Task details: Copying rule for the data below: take the line containing "a boardwalk next" and every line after it to the end, exactly, and drop all pictures.

(Caption-style text data)
◆ ◆ ◆ ◆ ◆ ◆ ◆
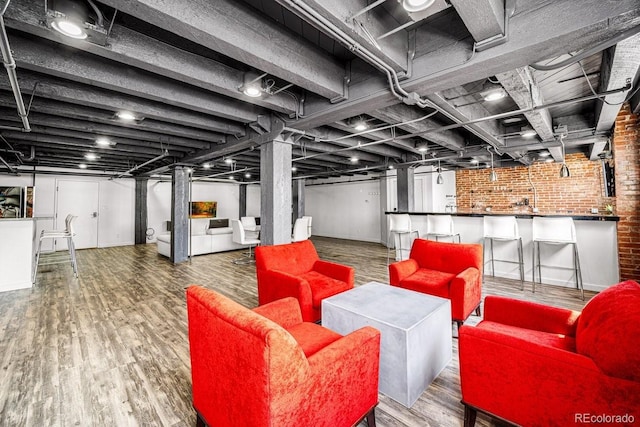201 Lamkin St Unit 204, Pueblo, CO 81003 - finished basement featuring brick wall and wood finished floors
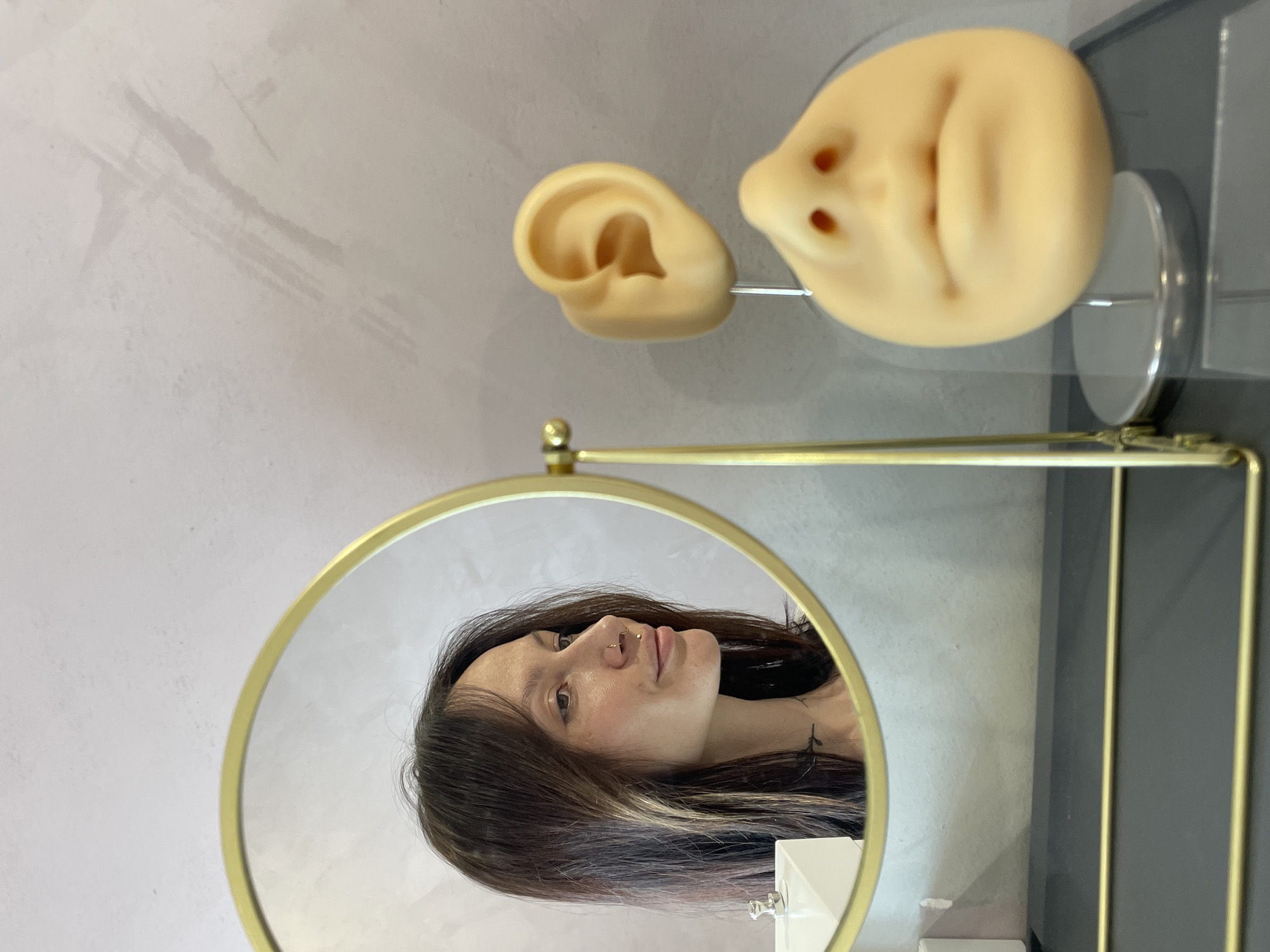 Woman takes selfies near prosthetics display in Izhevsk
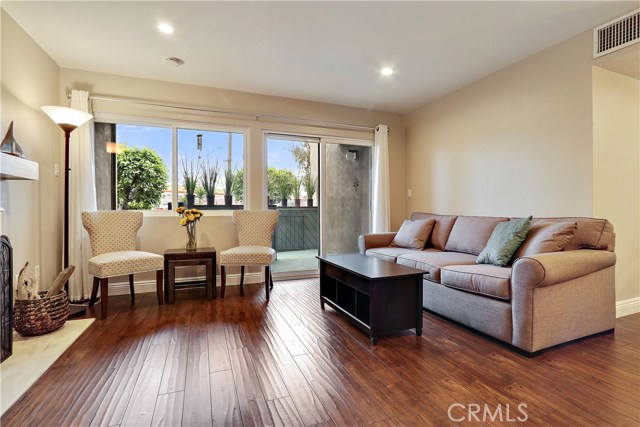 Living room with view of deck off double paned sliding glass door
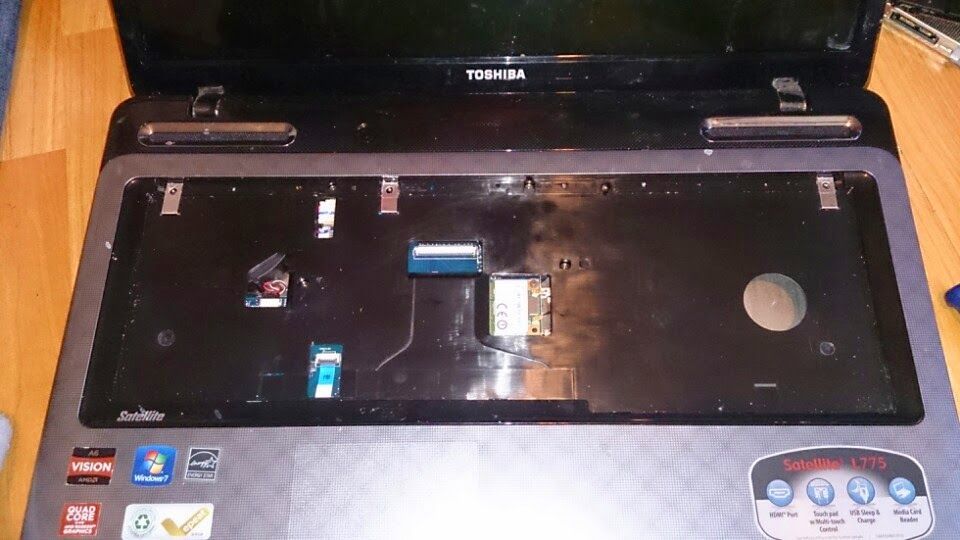 Laptop with keyboard removed, revealing internal components and mounting points.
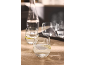 Water carafe and glasses with lemon water on a table.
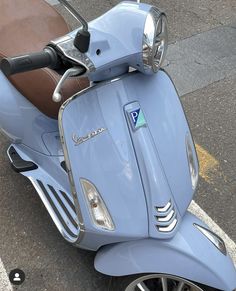 a blue scooter is parked on the street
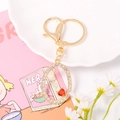 Close-up of golden letter O keychain with crystal rhinestones and red heart gem detail - Letter O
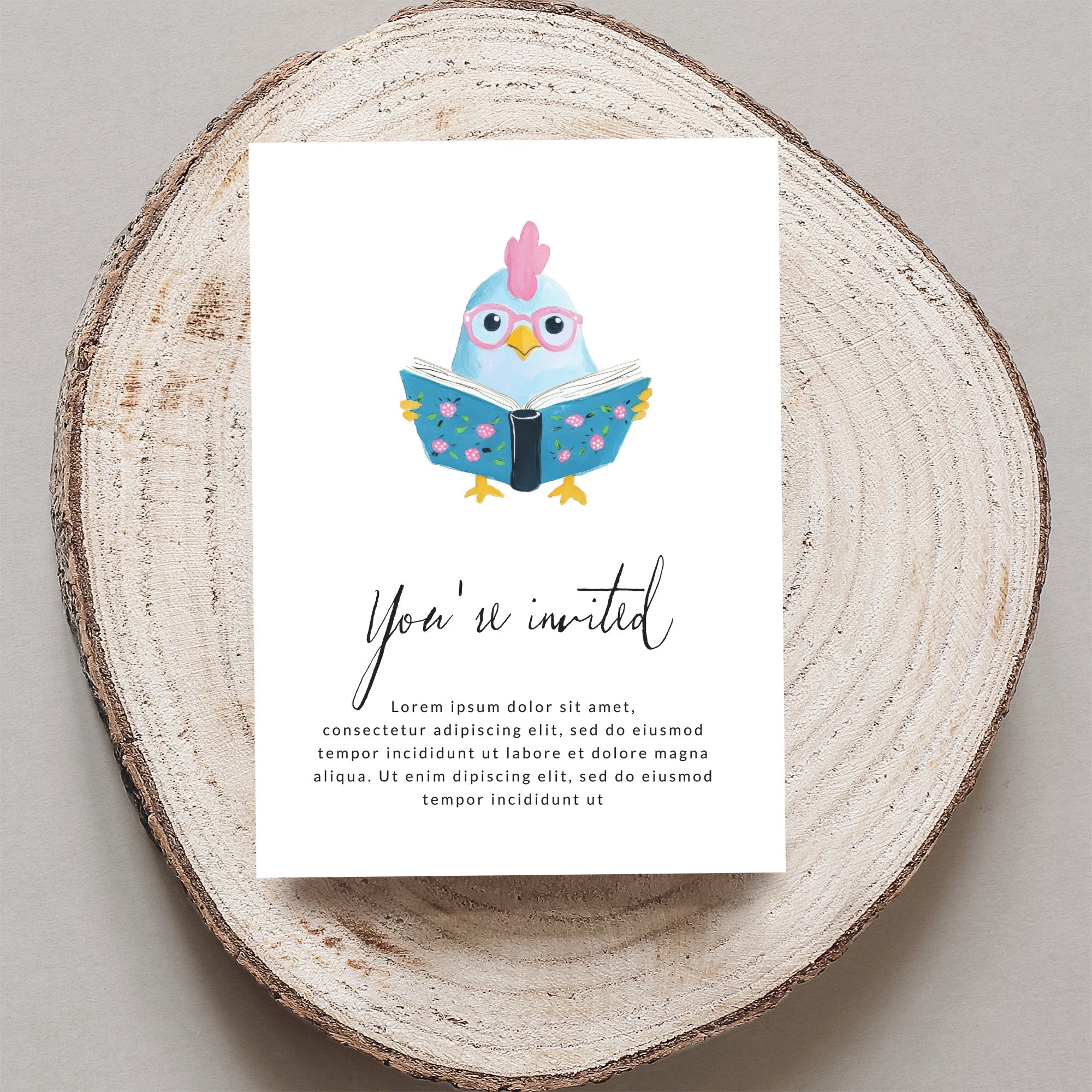 Cute chicken wearing glasses reads a book on a card that says "You're invited."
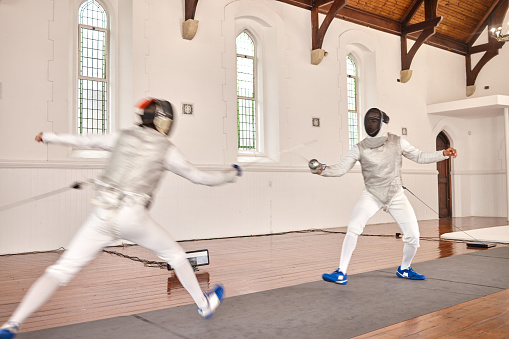 Fencing, sport and men with sword to fight in training, exercise or workout in a hall. Martial arts, match and fencers or people with mask and costume for fitness, competition or target in swordplay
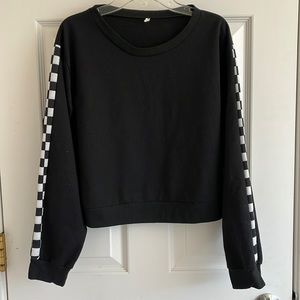 Cropped black sweater with checkered sleeves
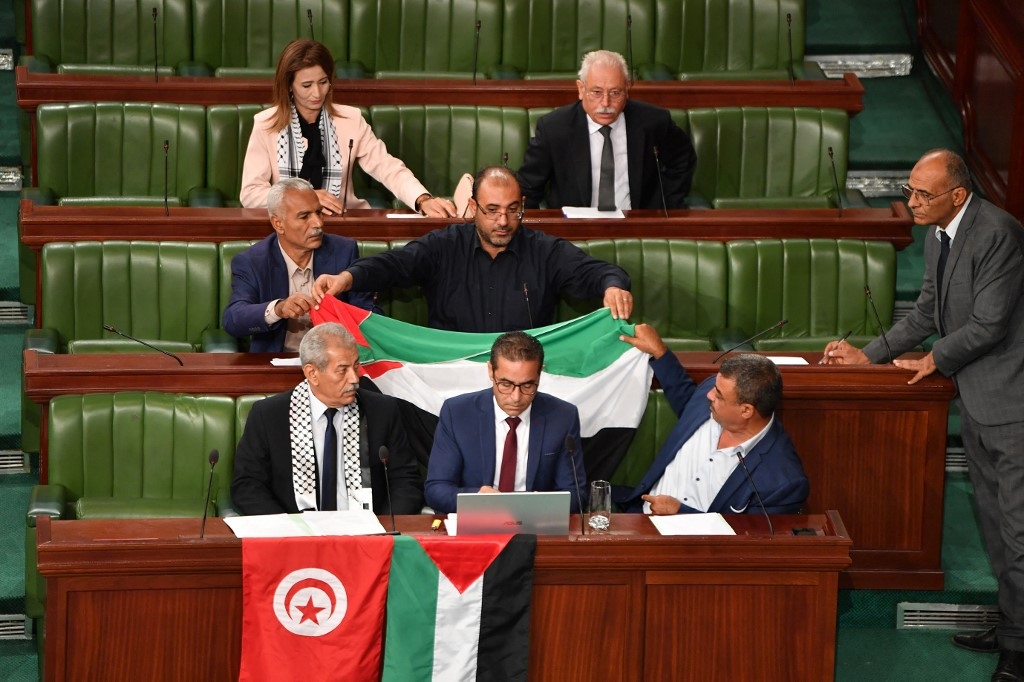 Des parlementaires tunisiens déplient le drapeau palestinien lors d’une minute de silence pour les victimes palestiniennes de Gaza, à l’ouverture d’une séance consacrée à un projet de loi sur la criminalisation de la normalisation avec Israël, le 2 novembre (AFP/Fethi Belaïd)
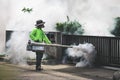 Man using fogger machine to control dangerous from mosquitoes Royalty Free Stock Photo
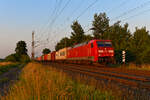 152 110 hat mit ihrem Containerzug vom Rangierbahnhof Maschen kommend bei Sagehorn bereits das Gleis gewechselt, um auf die Bremer Umgehungsbahn auszufädeln.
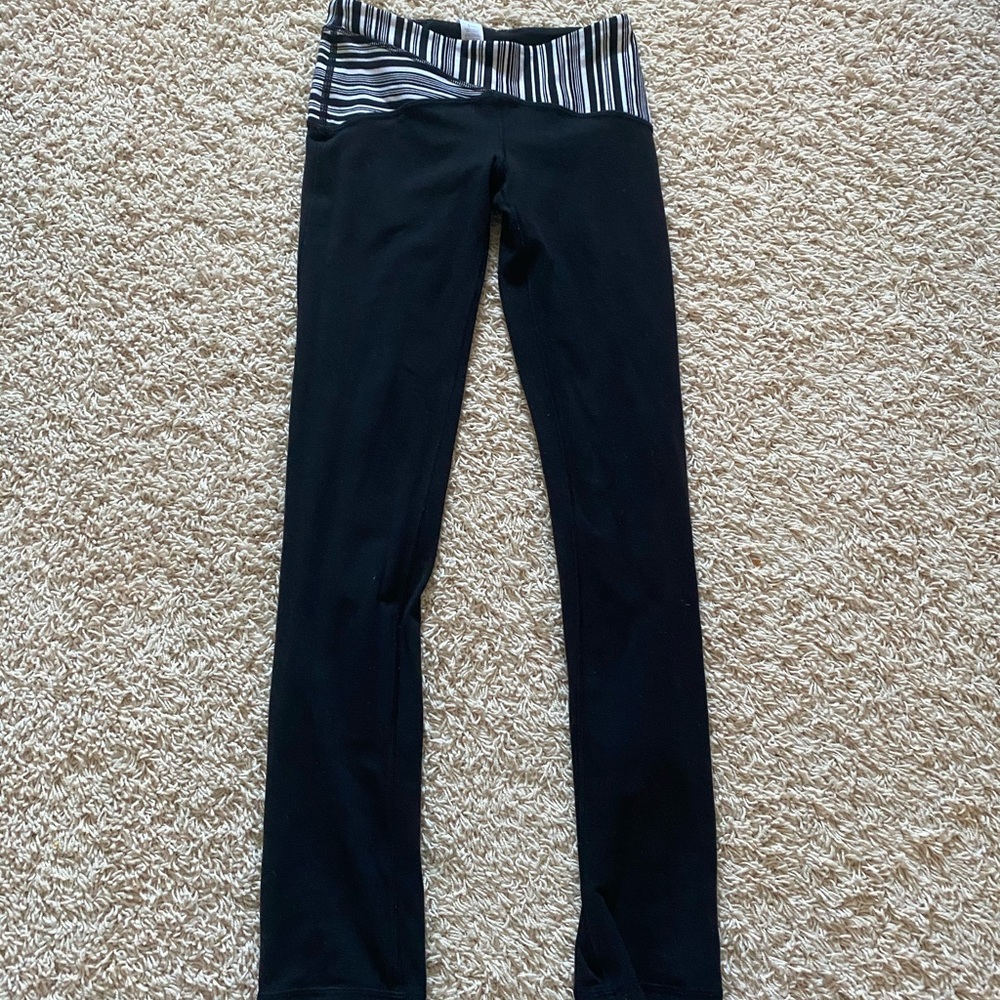 Black Ivivva Leggings with Stripe design on Waist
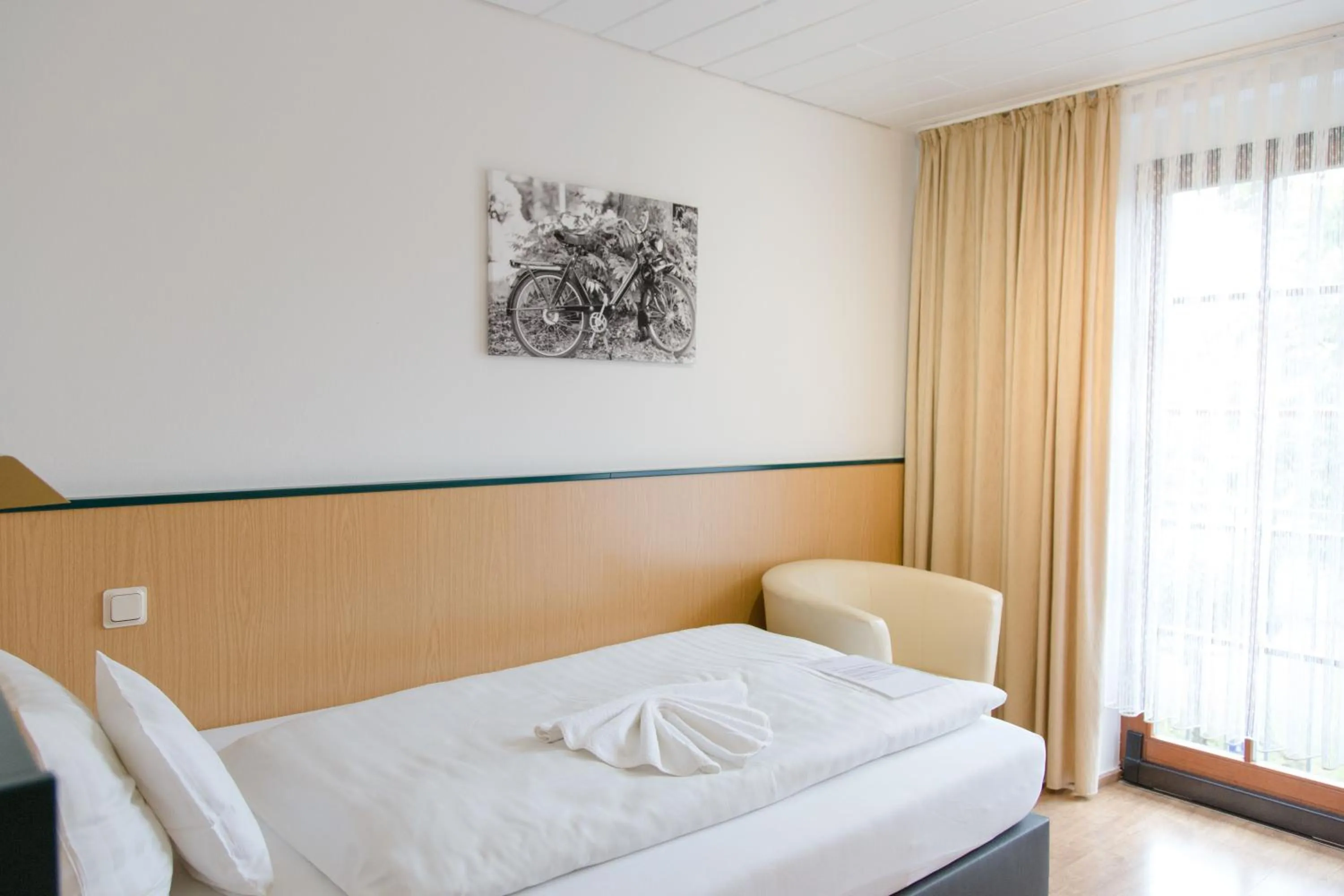 Bed in Friesen Hotel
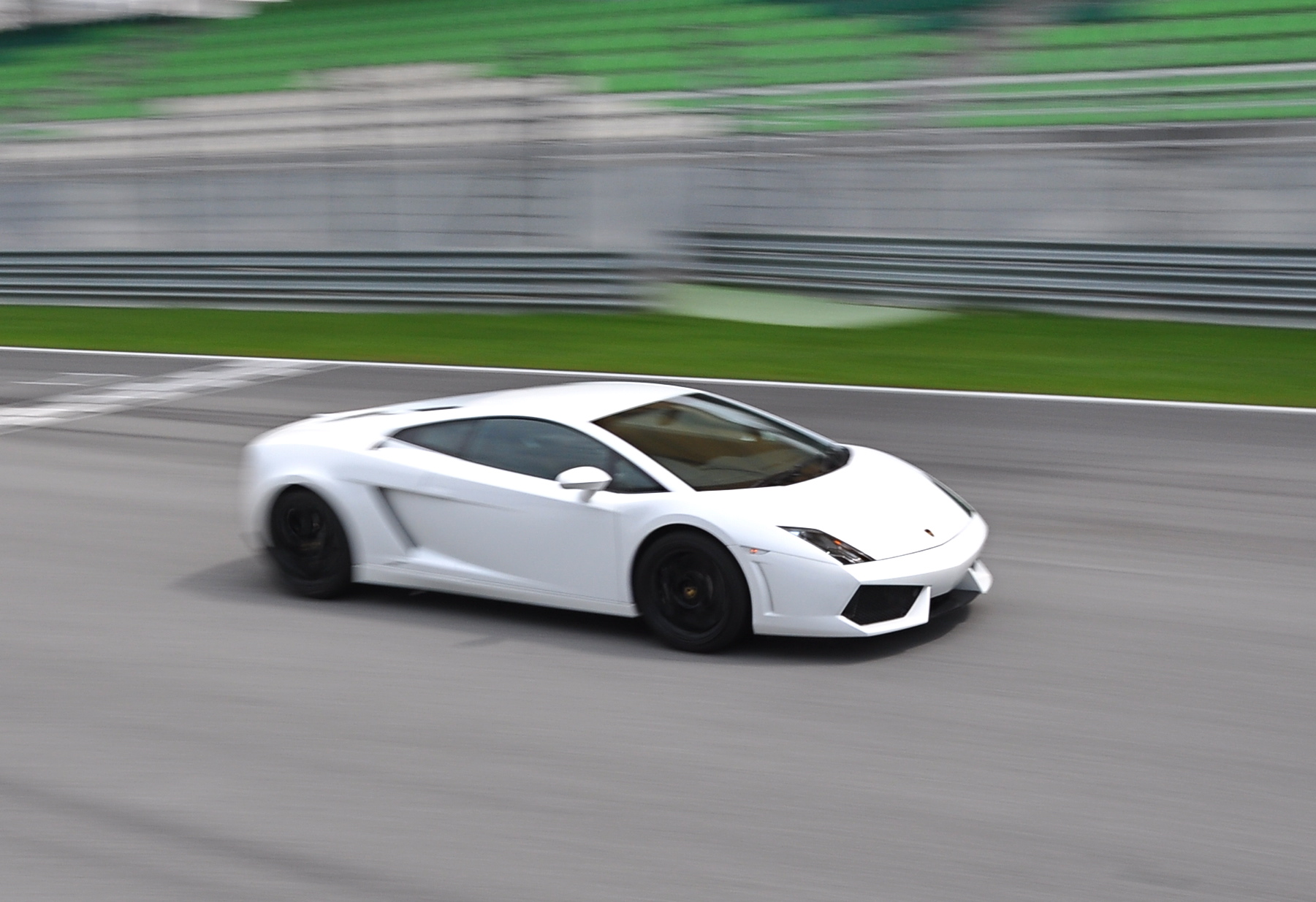 a white sports car driving down the track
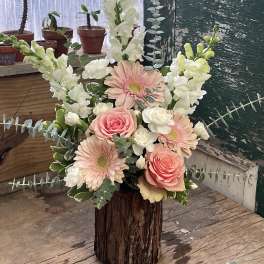 Pink roses and gerbera daisies in a rustic wood vase with white snapdragons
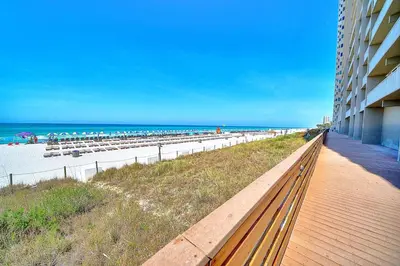 a boardwalk next to a beach with a building at Amazing Sunset Oceanfront Condo in Panama City Beach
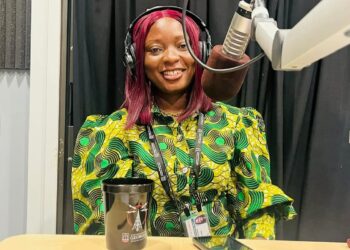 ActionAid Liberia Program Coordinator Norwu Harris speaks on climate justice during a radio interview ahead of a grassroots dialogue in Bong County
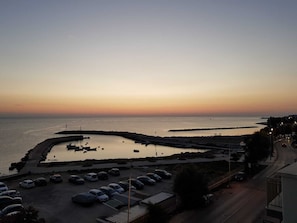 A coastal view with a marina, parked cars, and a road leading to a building with a sign reading "HISTORIC".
◆ ◆ ◆ ◆ ◆ ◆ ◆
Your response:
 a boardwalk next to a beach with a building at Amazing Sunset Oceanfront Condo in Panama City Beach
 ActionAid Liberia Program Coordinator Norwu Harris speaks on climate justice during a radio interview ahead of a grassroots dialogue in Bong County
 A coastal view with a marina, parked cars, and a road leading to a building with a sign reading "HISTORIC".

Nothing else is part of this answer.